First there was the strategy by the Congressional Republicans to block and filibuster just about every Democratic legislative initiative—even bills long supported by Republicans—and blame the gridlock on the President. This led into a laughable, extremist-dominated Republican presidential primary during which, somehow, Rick Santorum was only the fourth- or fifth-most loathsome candidate.
Then there was Romney’s general election presidential campaign, which even by 21st century American political standards, was remarkably dependent on naked falsehoods, from “gutting of the welfare requirement” to “apology tour” to Romney’s decision in the race’s final month to abruptly reverse numerous core positions, while denying that he had done so.
But more vile than either of those is the birther conspiracy and other associated, oft-repeated smears that amount to nothing less than the most vicious, sustained campaign of character assassination in American political history.
At various times over the past five years, the President has been accused of not really being an American, of lying about his religion and even his parentage, on top of every racial slur and variations on communist/socialist/“Kenyan anti-colonialist.”
The President, we’re told, also has a wide variety of hidden agendas that, thus far, have remained hidden. Confiscating guns, instituting Sharia law, banning the suburbs? It’s all right around the corner, and for as long as Obama is president, it always will be.
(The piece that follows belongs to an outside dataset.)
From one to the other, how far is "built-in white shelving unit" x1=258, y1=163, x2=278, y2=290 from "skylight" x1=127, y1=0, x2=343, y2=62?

The people doing this are not only at the fringe. They’re a combination of serially dishonest, conspiracy-mongering elected officials like Michele Bachmann, Louie Gohmert and Steve King, dozens of book authors and documentarians and media outlets like World Net Daily, Dick Morris’s operation and numerous others, whose business models depend on scaring—and lying to—their own audiences.
There’s huge, huge money in this stuff, and the gravy train will now roll on for four more years. I suspect the likes of the publishers of World Net Daily, and nutty author Jerome Corsi are secretly thrilled at Obama’s victory, because they’ve made a whole lot of cash off hatred of the president.
Since 2007, the Republicans have been battling a pretend, fictional Barack Obama who doesn’t exist—the one who’s a black supremacist, governs according to Marxist principles, and hates America and God. As Jon Stewart memorably joked after the Clint Eastwood chair speech, “there’s an invisible Obama that only Republicans can see.”
Tuesday proved something that’s been apparent for some time: A solid majority of the electorate doesn’t see the Obama that the hard right sees. America heard all the conspiracy theories, and voted Obama back into office anyway.
So now the Republicans will begin another period of inward thinking and self-examination—and will undoubtedly conclude that they lost because they weren’t conservative, forceful, or mean enough.
We can debate whether Obama deserved to be re-elected. But there’s no doubt whatsoever that the Republicans deserved to lose.